The propagation experiments on the 10 m scale revealed that the foam front propagated significantly slower than the injected fluid front. It appeared that foam propagation was not limited by surfactant transport, but was delayed due to the presence of oil in the porous medium. The experiments have been interpreted with the aid of a numerical foam simulator.
Oil is often effectively displaced by gas. Due to the low density and low viscosity of gas, it may be difficult to achieve a good macroscopic sweep efficiency, however. It has been found that the use of foam may reduce gas mobility, and thereby improve the sweep of gas. Foam can be formed within the reservoir when gas and surfactant solution flow together.
A successful well treatment with foam is critically dependent on placement of foam to the desired depth in the reservoir. The injection time required to reach a given depth depends on the propagation velocity of the foam. For the design of a foam treatment, prediction of foam propagation becomes an important issue. The aim of the present study was to clarify which mechanisms determine the foam propagation velocity, and to find out how foam propagation on the reservoir scale relates to foam data obtained in conventional coreflood experiments.

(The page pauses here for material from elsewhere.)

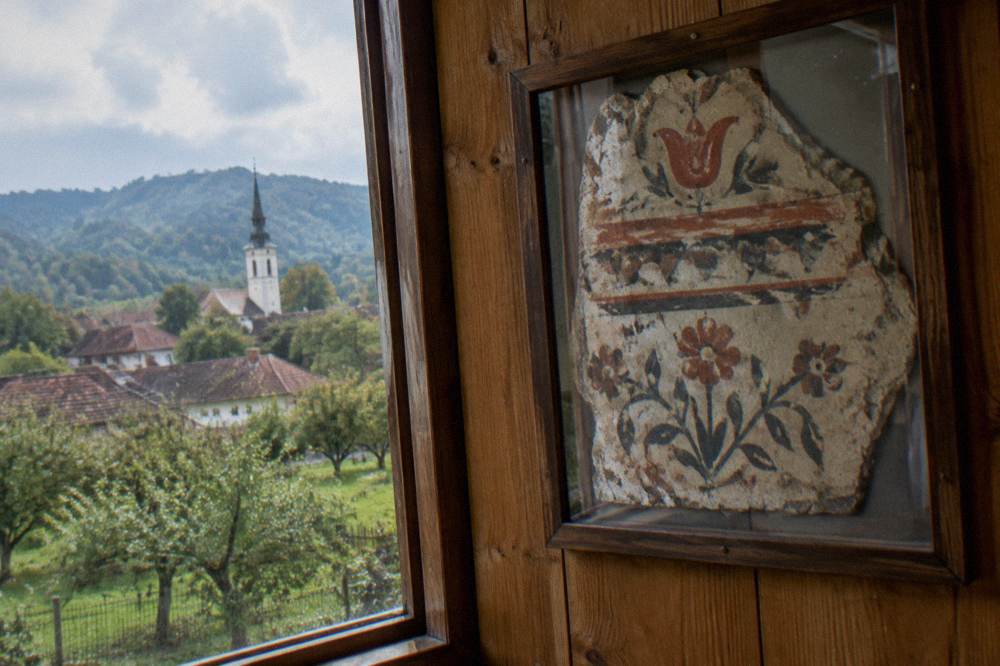 Painted folk icons on glass displayed on a wooden wall in a small village museum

The literature provides some observations of foam propagation rates at various conditions. At the Kern River steam foam pilot,1 it was found that the formation of one volume of a C16/18 ?-olefin sulphonate (AOS) foam within the formation required injection of 1.5 volumes of surfactant solution and 700 volumes of steam at reservoir conditions. This propagation delay was interpreted as mainly caused by surfactant retention, but it was also suggested that inefficiencies in foam generation and bubble transport could have further slowed down the growth of the foam zone.
Also, Irani and Solomon2 observed slow foam propagation, in slim-tube studies of AOS-stabilized CO2 foams. In experiments without surfactant in the slim tube before foam injection, the foam propagated significantly slower than the injected fluid fronts. In experiments with gas slug injection into porous medium presaturated with surfactant solution, piston-like propagation at the velocity of the injected gas front was observed. When oil was present in the porous medium, there was significant propagation delay observed also during gas slug injection, however.

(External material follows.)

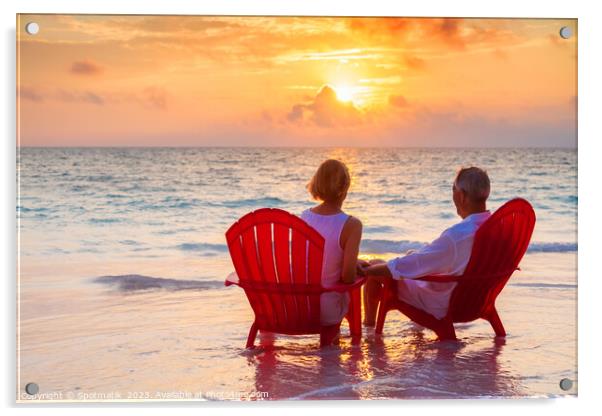 Retired couple enjoying sunset view over ocean Bahamas Acrylic by Spotmatik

In co-injection experiments in cores with the surfactant adsorption already satisfied, Kovscek et al.3 observed piston-like foam propagation with no retardation of a C16/18 AOS foam. Similar observations were made by Osterloh and Jante.4 Kovscek et al. also performed experiments where the core was free from surfactant at the start of foam injection. Then, retardation of the foam front was found, however, demonstrating how surfactant adsorption retards foam propagation.
Aarra et al.5 found significant retardation in experiments in cores with residual oil saturation after gas flooding. The cores were presaturated with C14/16 AOS surfactant solution. At a total injection rate of gas and surfactant solution of about 3 m/d (interstitial velocity), the foam propagated with a velocity of 0.036 m/d. In this case, surfactant adsorption cannot explain the slow propagation, and the oil remains the most probable cause for the retardation.
Mannhardt and Svorstøl6 also reported slow propagation in systems with surfactant adsorption satisfied. At an injection rate of 1 m/d, the foam used 10 days to propagate the first 40 cm of a core which had 19% pore volume (PV) oil saturation. Without oil, the foam traveled 40 cm in less than half a day, which corresponds approximately to the velocity of the injected fluids. This also points to the oil as one source of propagation delay. At the employed conditions, the foam strength was found to be sensitive to the presence of oil.
The literature on oil-free experiments with adsorption satisfied demonstrates that the propagation delay is not intrinsic to foam per se. A quantitative understanding of all effects that control the propagation delay is lacking, however. The present study aims at improving this understanding. The approach taken has been to study foam propagation in well-characterized systems, over large distances (10 m). The porous medium has been characterized by laboratory experiments on the usual core scale, with respect to relative permeability, capillary pressure, and foam flow and surfactant adsorption properties. Then, foam propagation was studied on the semi-reservoir scale, and compared to modeling based on core scale data, in order to learn how to use core data to predict foam propagation in the reservoir.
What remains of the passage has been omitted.